EXERCISE: All of the listing should be output exactly, apart from the pictures.

DATA SECTION:
══════
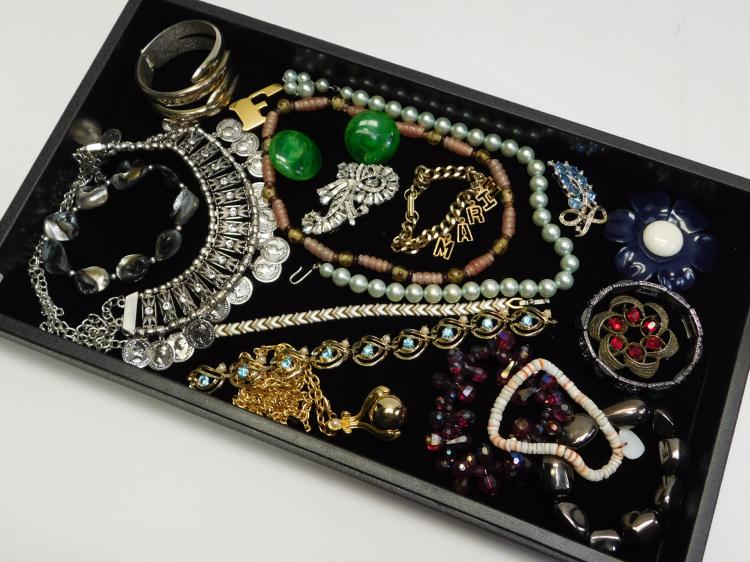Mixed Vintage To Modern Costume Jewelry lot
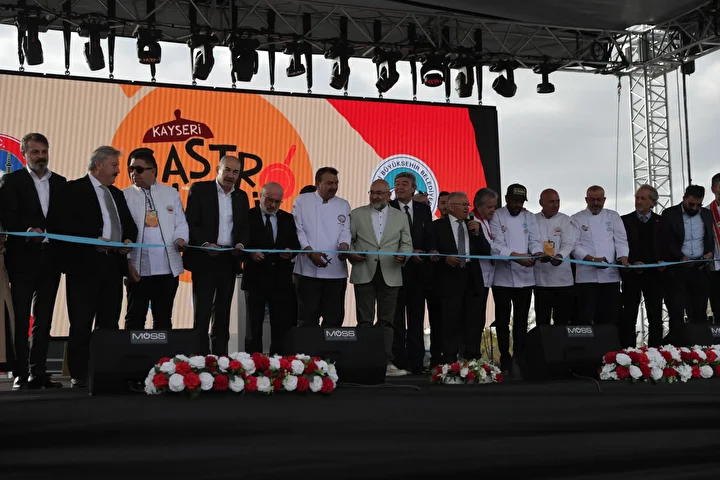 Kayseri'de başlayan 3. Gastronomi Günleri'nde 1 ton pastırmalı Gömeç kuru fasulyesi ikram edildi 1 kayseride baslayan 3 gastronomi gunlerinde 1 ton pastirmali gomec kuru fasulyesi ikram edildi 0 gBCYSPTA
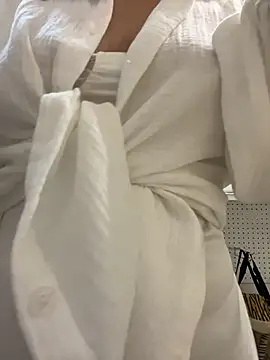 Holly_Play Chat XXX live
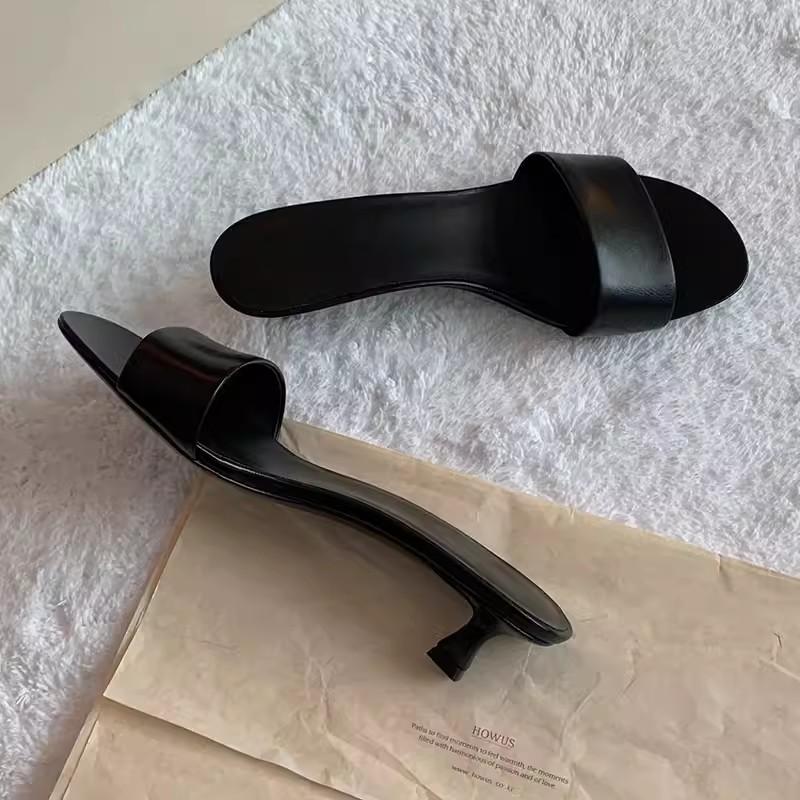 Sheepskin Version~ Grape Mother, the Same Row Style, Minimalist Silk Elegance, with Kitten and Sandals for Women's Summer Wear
══════
SOLUTION BELOW:
Mixed Vintage To Modern Costume Jewelry lot
 Kayseri'de başlayan 3. Gastronomi Günleri'nde 1 ton pastırmalı Gömeç kuru fasulyesi ikram edildi 1 kayseride baslayan 3 gastronomi gunlerinde 1 ton pastirmali gomec kuru fasulyesi ikram edildi 0 gBCYSPTA
 Holly_Play Chat XXX live
 Sheepskin Version~ Grape Mother, the Same Row Style, Minimalist Silk Elegance, with Kitten and Sandals for Women's Summer Wear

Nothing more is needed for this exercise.